So last week was banned books week! I recorded a few videos on the topic for my facebook page, and ranted about a few different books and the basis on which they were banned. Needless to say, I was incensed. The books I chose were banned often on the basis of religious difference, and I always found that sort of…ya know, counter-intuitive, considering how the US was founded on the idea of religious freedom. Yep.
So winding down banned books week was interesting! One of my favorite posts I read was by a long-time favorite author, Diane Duane. At the end of banned books week, she found out her book had been banned in Texas! Oh, the timing. SO perfect. The 9th book in her Young Wizards series was banned on account of violence and horror. Yyeahhh. Of course it was.
“Believe something and the Universe is on its way to being changed. Because you’ve changed, by believing. Once you’ve changed, other things start to follow. Isn’t that the way it works?” ~ Diane Duane, So You Want to Be a Wizard
I harped on this a lot during banned books week with my videos, but I think it’s especially important to write about here — you never really know which book you’re going to pick up and read that will change the way you look at life — or frame your world-view. And yet, across the country, people are banning books from being widely available to children due to their own belief systems. I’ve personally always been a voracious reader. When I was a kid, it was always like pulling teeth to get me to do much else. I read books like The Hobbit, the Young Wizards series, and Harry Potter. Why? Because each book, with a world of its own written in between the covers, helped me frame the world I lived in. It helped me, in the long run, become who I am today. I can’t fathom why people would take that opportunity from young people on purpose.
I feel like the world is a better place with more readers in it. I think that…well, it’s important, especially in a world where writing and reading are taking second place to things like television, video games and movies, to read as widely and as much as possible. The more people find reason to ban books, the less likely it will be that young people start to read what they love — especially if books required by common core in schools are not to their liking.
Books teach kids how to be empathetic. They teach kids how to be imaginative in a world where everyone seems to be striving to be “normal,” whatever that’s supposed to mean. Maybe that means books teach kids to be writers. That’s kind of what happened to me.

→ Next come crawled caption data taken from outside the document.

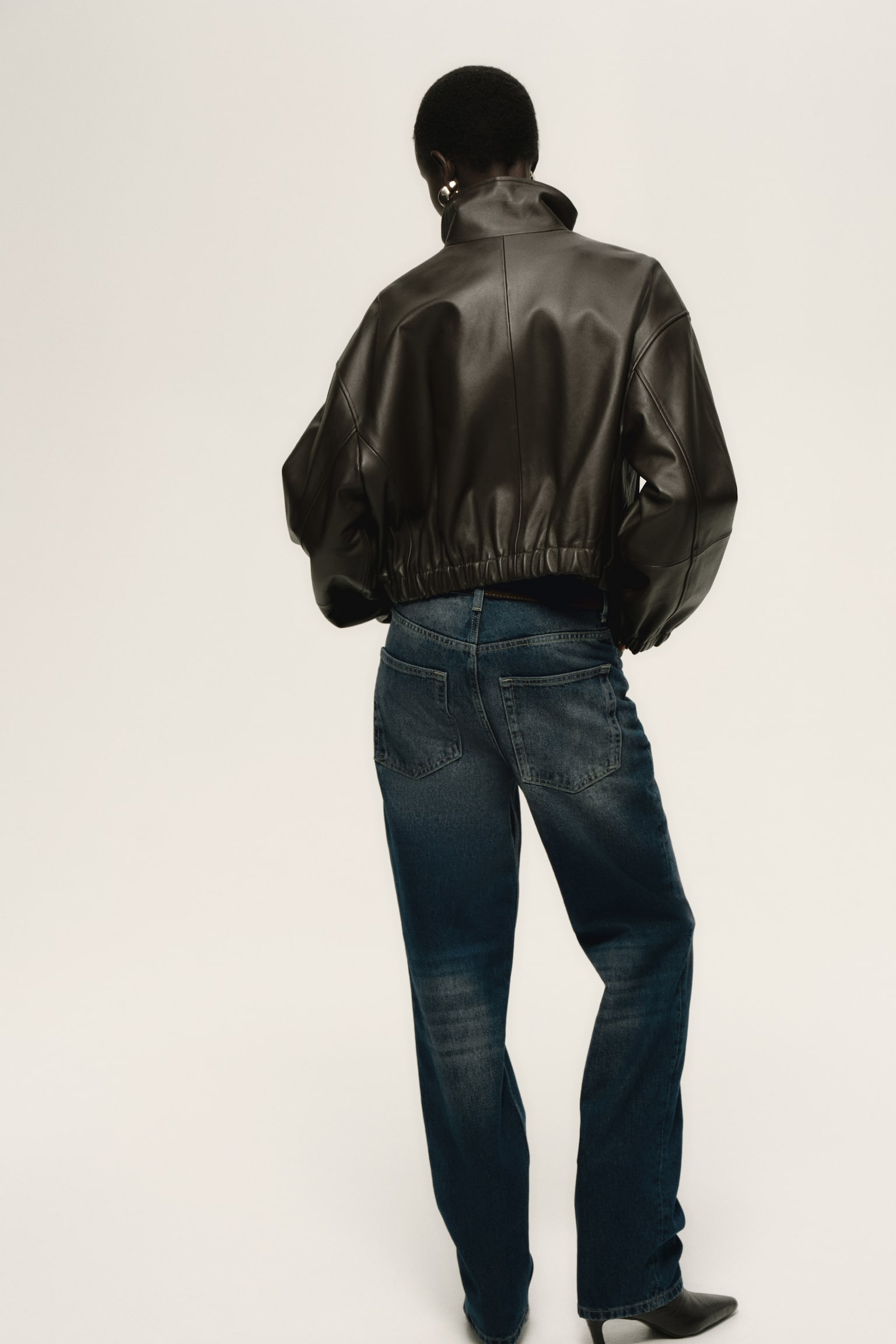 Straight High Jeans - Vyblednutá džínsovomodrá - 3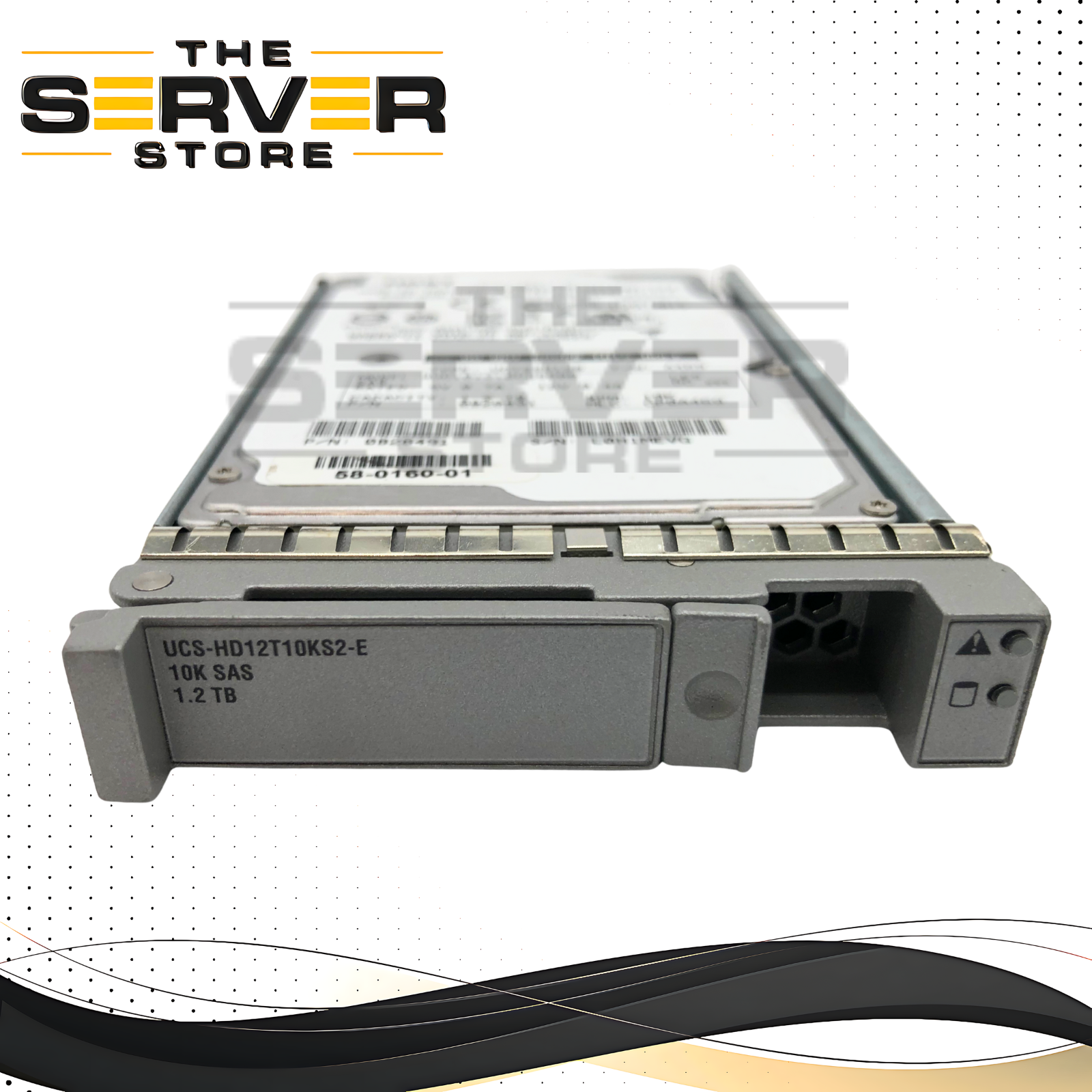 Cisco HGST 1.2TB 10K 12Gb/s SAS 2.5 SFF Enterprise HDD in Caddy (UCS-HD12T10KS2-E)
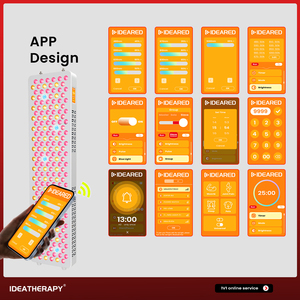 아이디어 요법 최신 9 파장 LED 적색 적외선 치료 패널 통증 완화 근육을위한 무료 스탠드 요가 패널 조명 - Product Image 3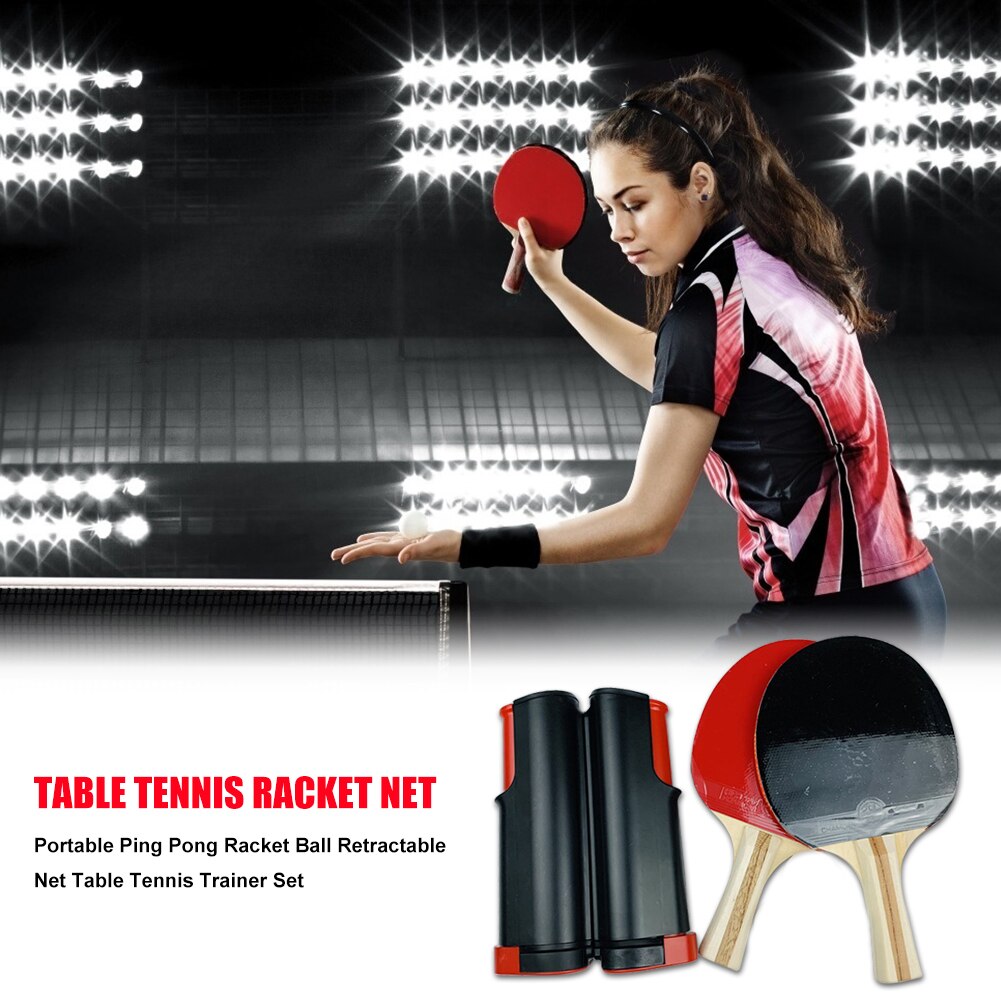 1 PairTable Tennis Paddle Pingpong Exercise Training Accessories Tennis Trainer Ball Machine Rackets Padel Robot Flexible Shaft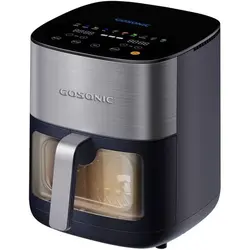 سرخکن بدون روغن و رژیمی گوسونیک مدل 757 با صفحه نمایش لمسی و ظرفیت 6ونیم لیتر دو المنت.به همراه برگه گارانتی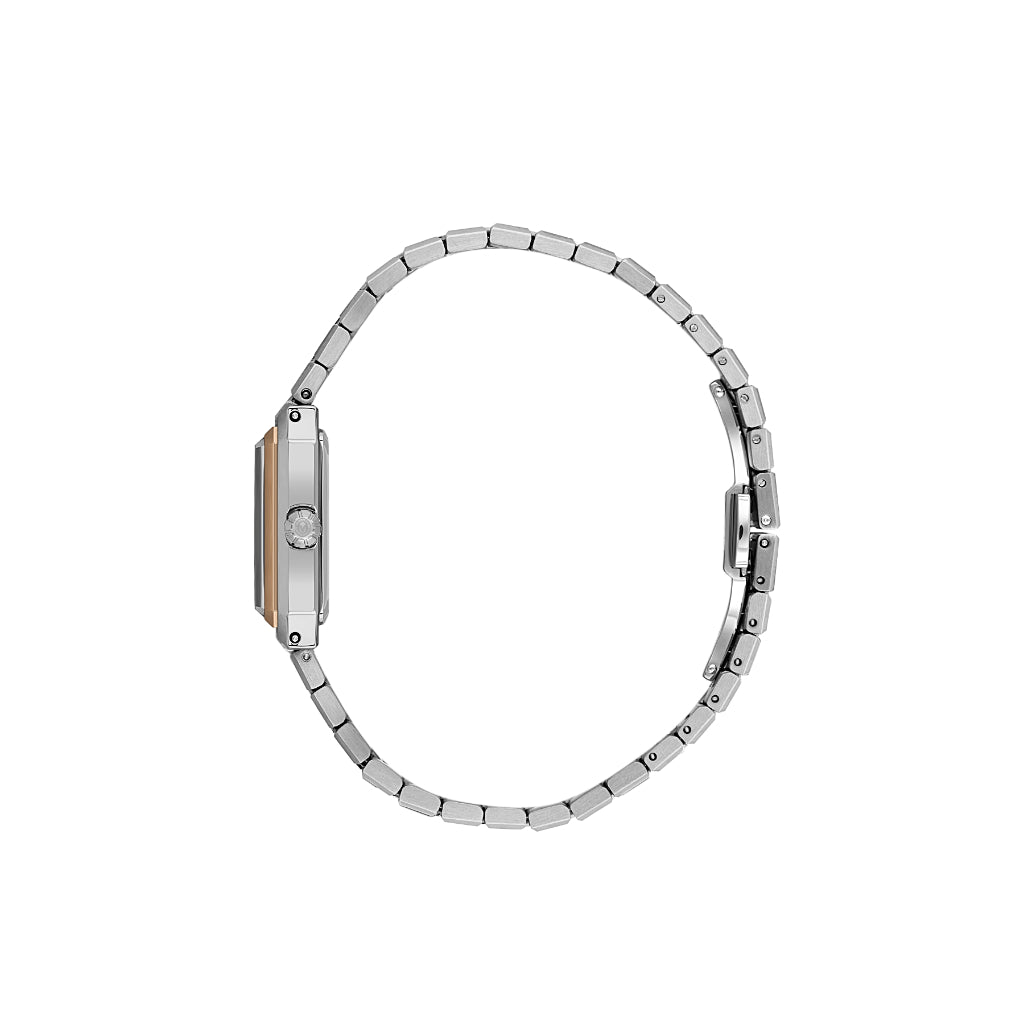 Valentino Orlandi Silver and Rose Gold Stainless Steel Watch for Women VO.1.10036-5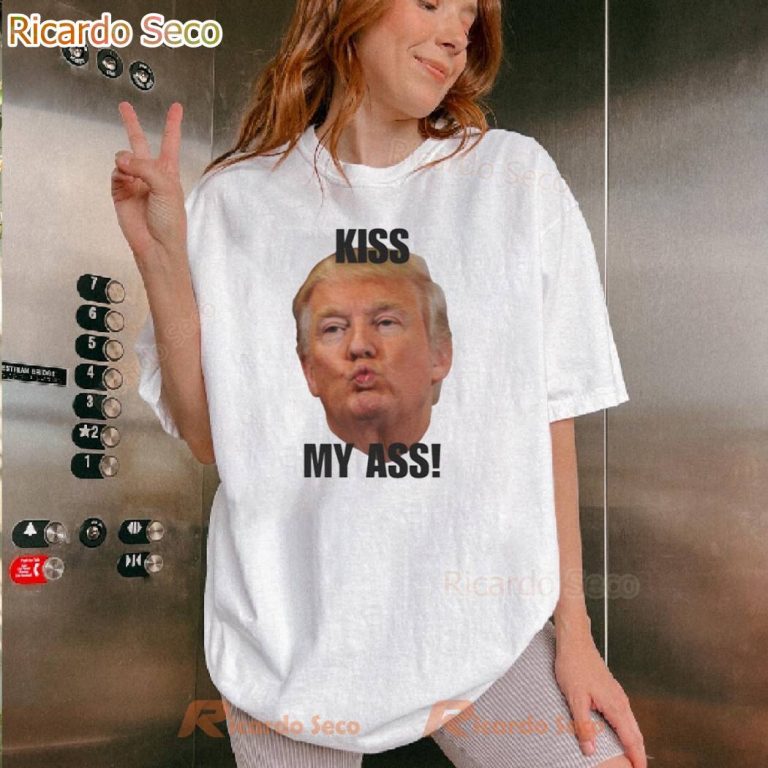Donald Trump Kiss My Ass Unisex T-shirt-a PHkMQqC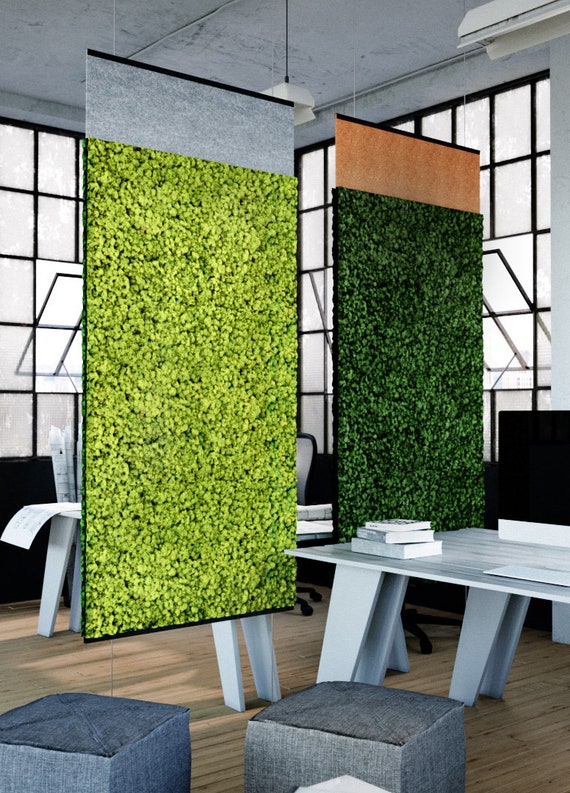 Decorative Hanging Acoustic Moss Panels Etsy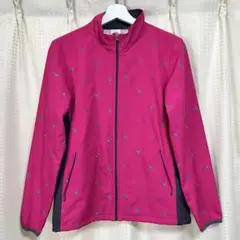 【美品】le coq sportif ピンクジャケット　Lサイズ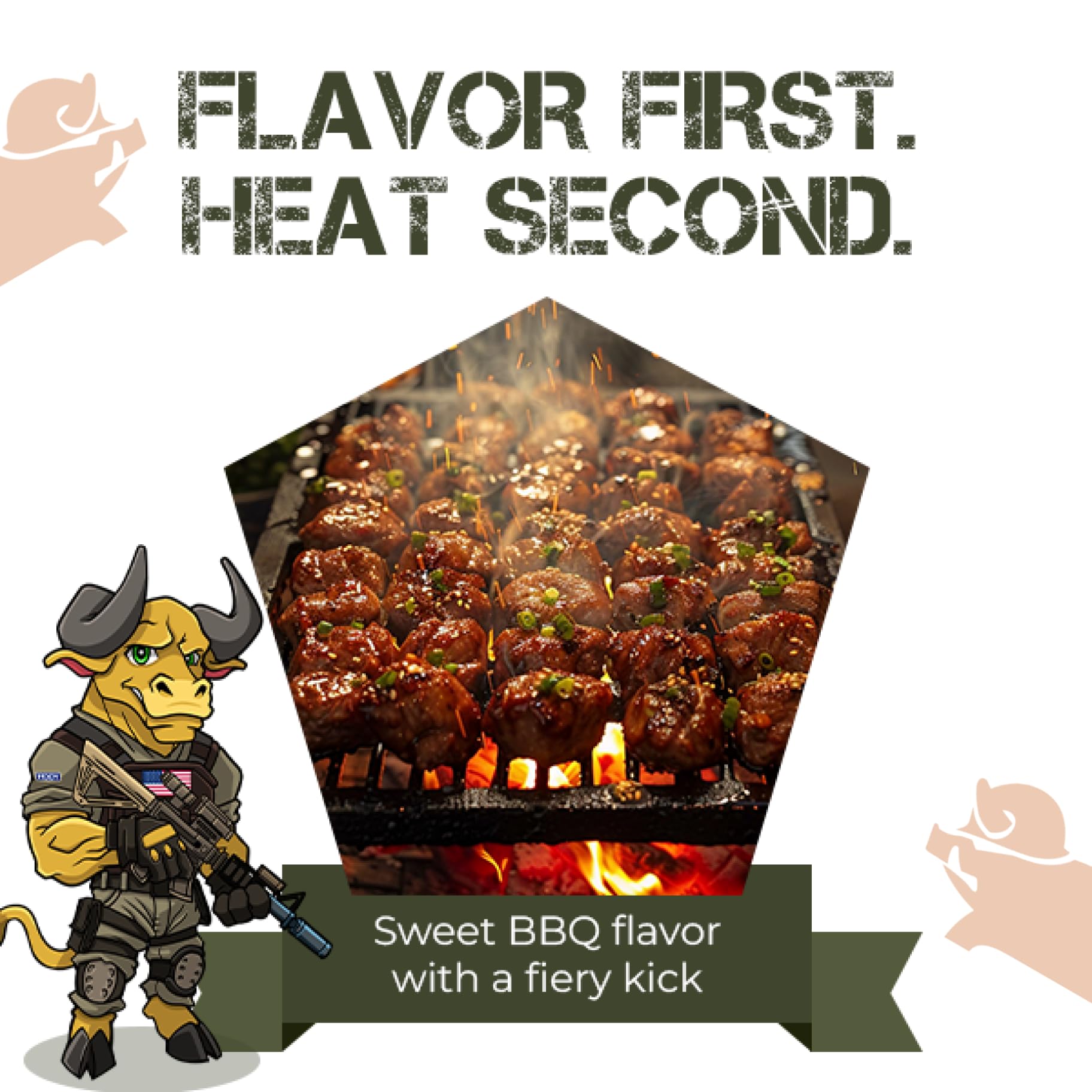 WarPig BBQ FUBAR Flamethrower BBQ Sauce - Spicy Habanero Texas Style Barbecue Sauce for Ribs, Wings, and Pulled Pork - Sweet & Smoky Heat BBQ Sauce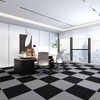 CISSLOR Self Adhesive Carpet Floor Peel Tile Square 30 Pcs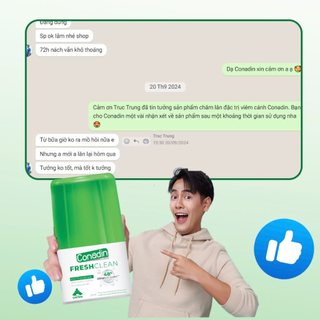 Lăn nách Conadin cho bé dậy thì ngăn tiết mồ hôi, khử mùi chuyên sâu kéo dài 5 ngày cho cả nam và nữ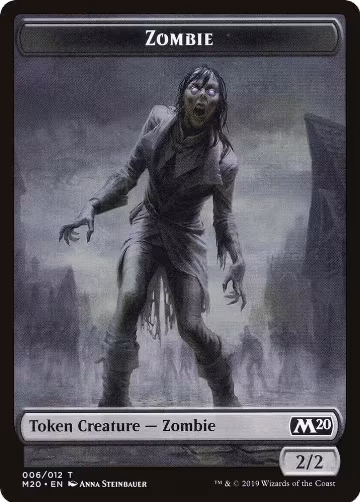 Zombie // Wolf Double-Sided Token (6 // 8), Magic Game Night 2019 — Magic card price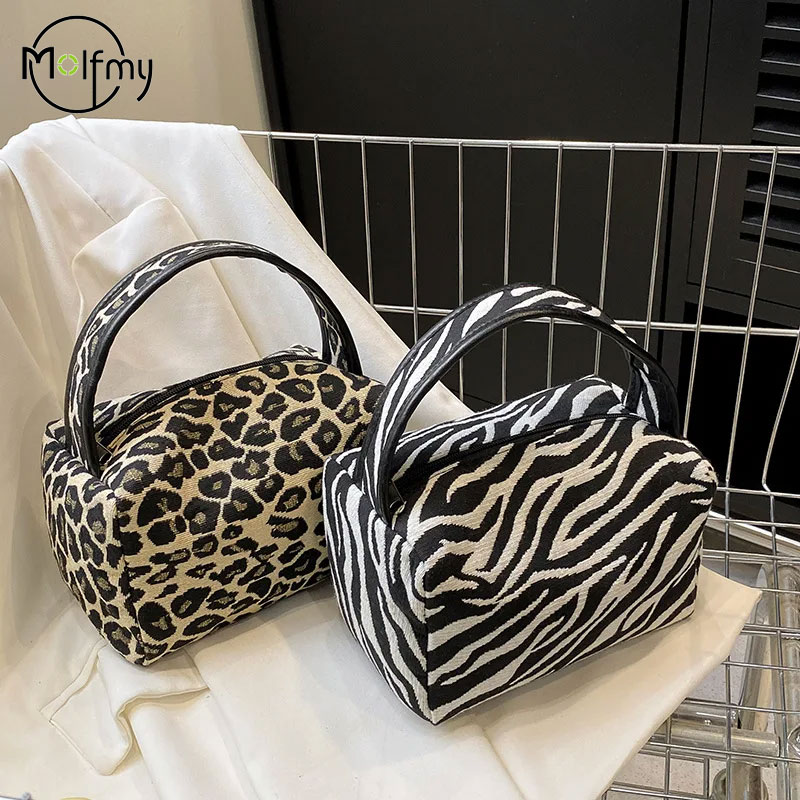 Luxury Skincare China - Bolsa de maquiagem leopardo luxuosa, grande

“You have your own stories to write. And when it comes to that, who writes the things written in your body, your life? And who reads?” ~ Diane Duane, So You Want to Be A Wizard
Banning books is essentially the same as banning creativity. And I’ve always been of a mind that any type of art is a gift that shouldn’t be wasted. So, I say — inspire. Imagine. Read and write and make your art! Nobody else can do it for you. And nobody ever should tell you not to read a book you feel called to read. (Goodness, just imagine if the main character, Nita, of the Young Wizards series was banned from reading So You Want to Be a Wizard!)
Banned Books Week celebrated that which is deemed inappropriate for — often times — very selfish reasons, and basically invites the entire world to rage against that. So — good folks — rage. Read as many banned books as you possibly can. Read them, and then pass them on to people who might need them.
Worthy of repetition — you never know which book you’ll pick up that will change the way you live your life. So go forth, and turn pages.